Elle me regarda anxieusement. Était-ce un appui que j’offrais à son désir de résistance ? Mes yeux se détournèrent. Je repris :

— Il faut que ce soit mère qui se rétracte.

— Oh ! Pascal, essaye, persuade-la.

J’essayai le jour même. Je m’engageai formellement vis-à-vis de mère à partir, et j’ajoutai :

— Donc c’est entendu, le passé est aboli, nous coupons tous les liens qui nous rattachent à Saint-Jore. Eh bien, pourquoi Claire ne bénéficie-t-elle pas également de ce départ ? Son mariage n’est que la conséquence du passé, une concession au monde d’ici et à ses idées. De la façon dont il se présente et dont elle s’y résoud, il est fatal que cela tournera mal. Ne crois-tu pas que tu devrais tenir compte davantage de la nature de Claire ? Elle est si peu faite pour l’avenir qu’on lui impose et si bien faite pour celui, quel qu’il soit, que lui indiqueront ses préférences.

— Ses préférences, s’écria mère vivement, mais je les ai devinées ! Te figures-tu que je ne soupçonne pas les rêves de ta sœur ? C’est justement cela qu’il faut empêcher.

J’insistai encore. À quoi bon ? Elle avait pu, en ce qui me concernait, élargir le cercle restreint de ses principes et m’accorder par intelligence certains droits que repoussait sa conscience : pouvait-elle admettre de pareils privilèges en faveur de Claire ? Nulle perspective n’est plus affreuse pour une mère, que de craindre chez sa fille la moindre dérogation à la règle sacrée du mariage. Et moi-même, moi-même avais-je plaidé près d’elle la cause de ma sœur avec le ferme propos de la convaincre ? J’étais si affaibli ! Peut-être y avait-il là un devoir à remplir, mais un autre plus distinct, plus personnel, m’absorbait, et c’est tout au plus si j’avais le courage de le regarder en face, celui-là : allais-je renoncer à Geneviève ?

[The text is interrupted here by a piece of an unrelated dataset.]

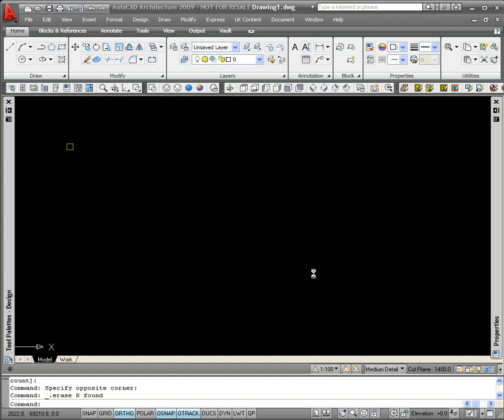In this movie I'm going to explain how to use the array functionality from within the AEC modified tools. To do that I'm just going to create a very simple column grid or setting out grid that I might use for a start point for putting my walls, doors and windows in.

Renoncer… ce mot m’inspirait de l’aversion. Combien j’aurais préféré qu’elle me fût irrévocablement ravie à cette possibilité de n’y point renoncer qui me tenterait jusqu’au dernier moment, Certes, après tant de vains assauts, tant de victoires infructueuses sur la ville, sur Philippe, sur mère, sur Berthe, sur Geneviève elle-même, après tant de désastres, une extrême fatigue m’inclinait à l’abandon et supprimait en partie la violence du combat. Mais qu’une image se dessinât en moi, qu’un nom s’évoquât, que des souvenirs de baisers fissent frémir mes lèvres, et la perspective d’un effort suprême me semblait sur-le-champ aussi simple que si je n’avais jamais échoué.

— Elle m’attend, me disais-je, une ruse quelconque attirera Philippe dehors, j’entre, je monte, elle est là. « Viens, ma chérie… » elle se lève et nous partons.

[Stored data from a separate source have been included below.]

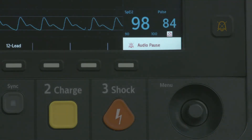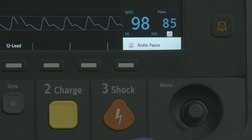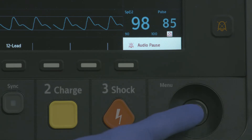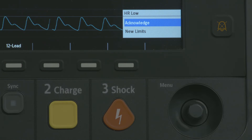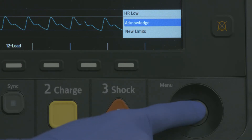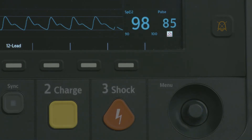To respond to an active alarm, press the SMART SELECT knob once to pause the alarm for the configured pause period while you attend to the patient, and press it again to acknowledge the alarm.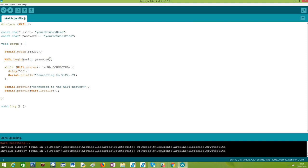This will initiate the connection attempt. As the first parameter it receives the SSID or network name, and as the second, the password. This call will be asynchronous so it will return immediately. So in this simple implementation we will need to poll the status of the connection until the ESP32 is effectively connected to the Wi-Fi network.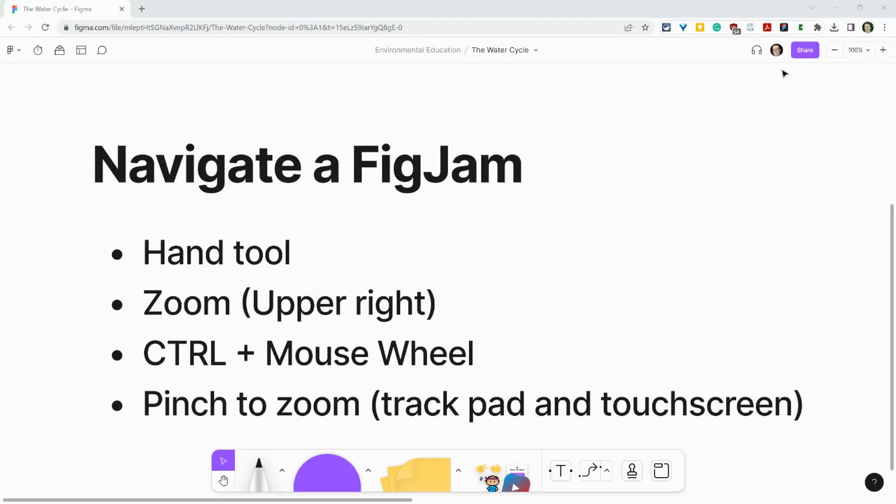Hi, I'm Tom Malini. I'm here today in FigJam to show you how FigJam is an infinite canvas, but an infinite canvas only works if you can navigate it. So let's talk about how we navigate in a FigJam.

Je n’en avais pas le droit.

Quand le cerveau est las, les mots prennent une valeur exceptionnelle, et nous nous y attachons comme à des protecteurs ou les repoussons comme des ennemis. Parler de renoncement m’était odieux, j’éprouvais au contraire un grand calme à énoncer cette formule : « Je n’ai pas le droit. » Cela contenait tout et me dispensait de réfléchir.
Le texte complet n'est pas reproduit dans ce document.